Abstract
Conventional imaging systems capture objects visible in the direct line-of-sight (LOS). A decade of research on non-line-of-sight (NLOS) imaging approaches has made it possible to reconstruct hidden geometry outside the line of sight by analyzing indirect light transport. However, most existing methods operate in the optical visible or IR range. Relying on diffuse inter-reflections, every bounce incurs a quadratic intensity falloff. As such, with illumination power limited by eye-safety limitations, existing methods are fundamentally restricted to short ranges on the order of a few meters. We propose an X-band radar-based NLOS imaging method that leverages the long wavelength to convert diffuse reflections into predominantly specular ones, allowing for large-scale hidden-scene perception. We develop a neural reconstruction method that combines a learned dense prediction module and a geometry-aware NLOS reconstruction module, tackling the inherently low spatial resolution of long-wavelength radar. We assess our method with a prototype system and in simulation. Synthetic validation shows that, under the same transmit power, X-band radar achieves 10× longer NLOS reconstruction range than optical systems, while experimental results further demonstrate accurate hidden-object reconstructions up to 40 m, establishing a practical pathway toward real-world long-range NLOS sensing.
Motivation
X-band radar operates at a much longer wavelength than optical and millimeter-wave systems, leading to lower free-space path loss, stronger specular reflection from rough surfaces, and robustness to ambient illumination. The two panels quantify these advantages: free-space path loss (a) and specular reflection ratio (b) across frequency bands show that, at 10 GHz, the signal experiences substantially less attenuation and remains more mirror-like than at 77 GHz or in the optical regime. These propagation and reflection properties make X-band radar particularly suitable for longer-range, large-scale outdoor NLOS imaging.
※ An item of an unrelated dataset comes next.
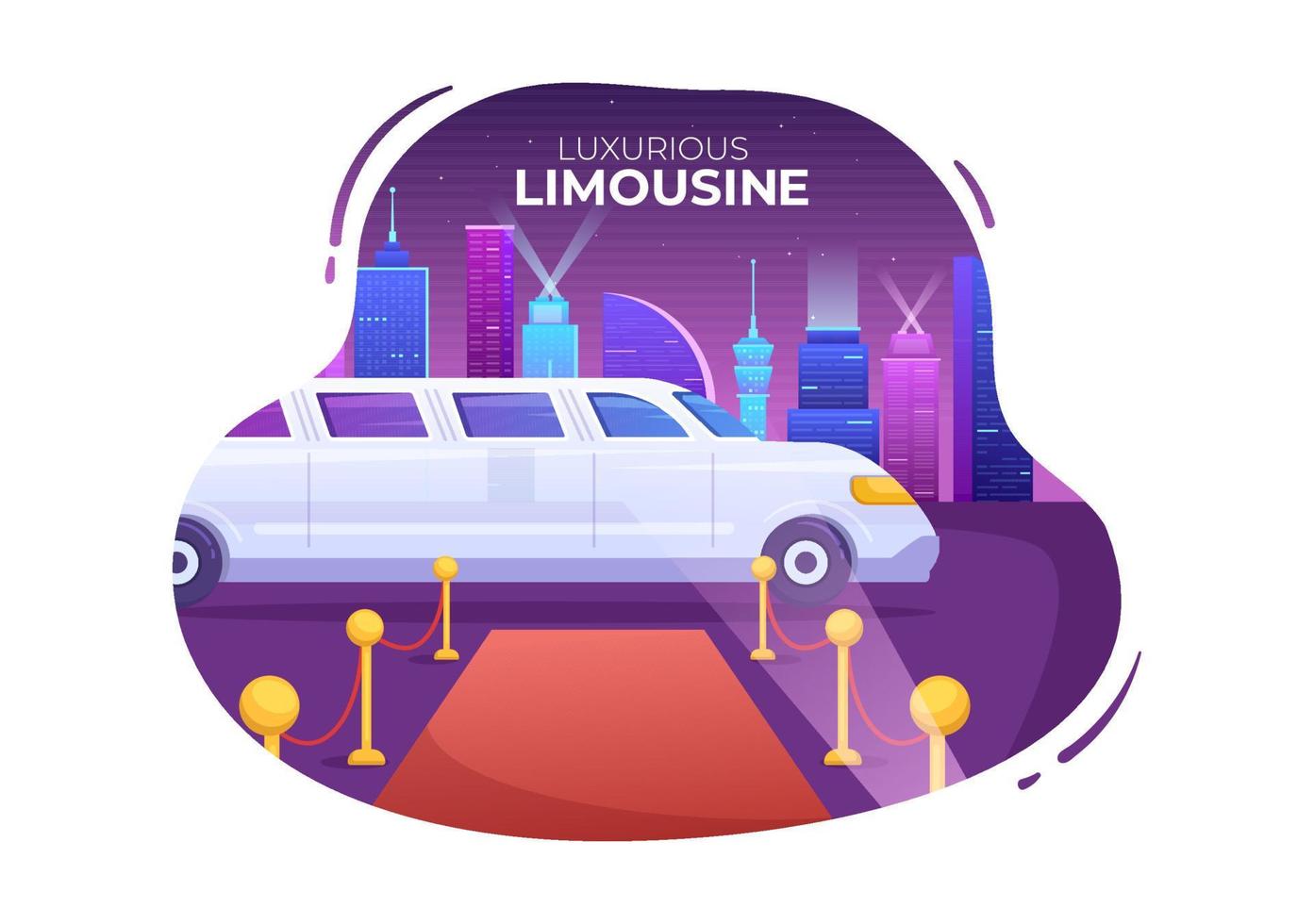 voiture de limousine vip de tapis rouge pour la marche de la superstar des célébrités avec vue sur le paysage de la ville de nuit en illustration de dessin animé à plat vecteur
Radar NLOS Image Formation Model
We propose an X-band radar NLOS image-formation model. A radar wavefront reflects off the relay wall, enters the hidden region, scatters from the object, and returns after a second reflection. In general this is a triple integral over beam patterns, reflectances, attenuation, and path length. But at X-band the three-centimeter wavelength far exceeds the wall roughness, so reflections are specular-dominant. The integral collapses to a single mirror path: the wall acts as a mirror, placing the hidden object in a virtual scene behind it. Steering the radar array then yields the measured range–azimuth (RA) map, which is fed into the reconstruction pipeline.
Method
X-band radar's relatively long wavelength inherently limits its angular resolution. Our neural reconstruction method addresses this by first locating each target as a dense prediction and then mapping every detection back to its true hidden position via a geometry-aware NLOS reconstruction module.
Stage 1: Dense Prediction
A Swin-UNet transformer encoder-decoder backbone captures both local geometric detail and global scene context, producing pixel-wise confidence maps that classify each location as an LOS or mirrored NLOS (mNLOS) response.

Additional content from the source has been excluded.